Aim of the exercise:
Filter this data down to the lines that hold "Image", and copy them.

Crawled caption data
|---|

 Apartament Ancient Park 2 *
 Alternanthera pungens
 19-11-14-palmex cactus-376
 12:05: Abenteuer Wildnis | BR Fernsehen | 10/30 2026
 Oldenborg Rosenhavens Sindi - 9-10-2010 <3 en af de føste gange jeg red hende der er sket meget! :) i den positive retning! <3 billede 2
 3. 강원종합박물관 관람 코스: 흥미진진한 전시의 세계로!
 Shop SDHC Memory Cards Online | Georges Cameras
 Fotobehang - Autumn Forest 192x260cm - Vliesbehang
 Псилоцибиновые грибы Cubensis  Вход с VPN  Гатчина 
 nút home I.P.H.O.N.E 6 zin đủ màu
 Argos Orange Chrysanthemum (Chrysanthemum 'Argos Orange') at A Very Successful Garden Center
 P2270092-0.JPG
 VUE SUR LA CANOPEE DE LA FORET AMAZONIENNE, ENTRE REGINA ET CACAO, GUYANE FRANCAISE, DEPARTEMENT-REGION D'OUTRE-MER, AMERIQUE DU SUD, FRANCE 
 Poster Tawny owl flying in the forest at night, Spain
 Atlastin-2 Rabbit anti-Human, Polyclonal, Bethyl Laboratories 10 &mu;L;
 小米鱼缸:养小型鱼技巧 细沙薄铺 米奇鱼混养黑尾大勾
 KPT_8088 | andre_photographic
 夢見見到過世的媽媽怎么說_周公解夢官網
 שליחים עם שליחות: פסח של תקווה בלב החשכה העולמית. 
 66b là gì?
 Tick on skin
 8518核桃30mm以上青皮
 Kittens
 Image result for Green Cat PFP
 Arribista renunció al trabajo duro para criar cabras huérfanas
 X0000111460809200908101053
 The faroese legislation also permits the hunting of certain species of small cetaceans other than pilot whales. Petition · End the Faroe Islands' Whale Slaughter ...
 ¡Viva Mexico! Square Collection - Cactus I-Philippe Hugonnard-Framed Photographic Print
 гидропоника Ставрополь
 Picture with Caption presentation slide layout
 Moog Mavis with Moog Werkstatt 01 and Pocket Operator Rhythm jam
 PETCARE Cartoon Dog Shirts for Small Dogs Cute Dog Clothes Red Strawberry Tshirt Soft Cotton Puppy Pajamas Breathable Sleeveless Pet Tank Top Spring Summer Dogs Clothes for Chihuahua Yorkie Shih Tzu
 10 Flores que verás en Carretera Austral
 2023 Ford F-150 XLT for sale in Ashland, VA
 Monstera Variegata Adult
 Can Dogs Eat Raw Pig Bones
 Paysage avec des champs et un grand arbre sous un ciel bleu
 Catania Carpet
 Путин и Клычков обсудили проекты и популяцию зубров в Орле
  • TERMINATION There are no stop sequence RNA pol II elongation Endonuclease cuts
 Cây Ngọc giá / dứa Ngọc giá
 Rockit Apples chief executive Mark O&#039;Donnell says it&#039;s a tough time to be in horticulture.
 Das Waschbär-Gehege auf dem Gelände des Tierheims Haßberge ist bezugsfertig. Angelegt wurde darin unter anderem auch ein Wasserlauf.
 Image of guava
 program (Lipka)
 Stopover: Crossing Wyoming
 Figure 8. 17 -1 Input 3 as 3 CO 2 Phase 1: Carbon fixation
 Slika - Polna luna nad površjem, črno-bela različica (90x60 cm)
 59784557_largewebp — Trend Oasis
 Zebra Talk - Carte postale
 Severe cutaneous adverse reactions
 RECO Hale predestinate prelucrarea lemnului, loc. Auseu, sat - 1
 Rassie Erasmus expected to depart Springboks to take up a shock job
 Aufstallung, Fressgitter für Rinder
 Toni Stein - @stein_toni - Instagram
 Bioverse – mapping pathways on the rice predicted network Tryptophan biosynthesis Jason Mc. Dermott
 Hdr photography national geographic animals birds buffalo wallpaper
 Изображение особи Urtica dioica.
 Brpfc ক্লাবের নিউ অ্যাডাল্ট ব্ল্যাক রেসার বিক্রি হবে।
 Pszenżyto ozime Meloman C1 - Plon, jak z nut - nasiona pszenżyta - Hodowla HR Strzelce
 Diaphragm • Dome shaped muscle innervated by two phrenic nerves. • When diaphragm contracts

|---|

Answer box:
 Image result for Green Cat PFP
 Image of guava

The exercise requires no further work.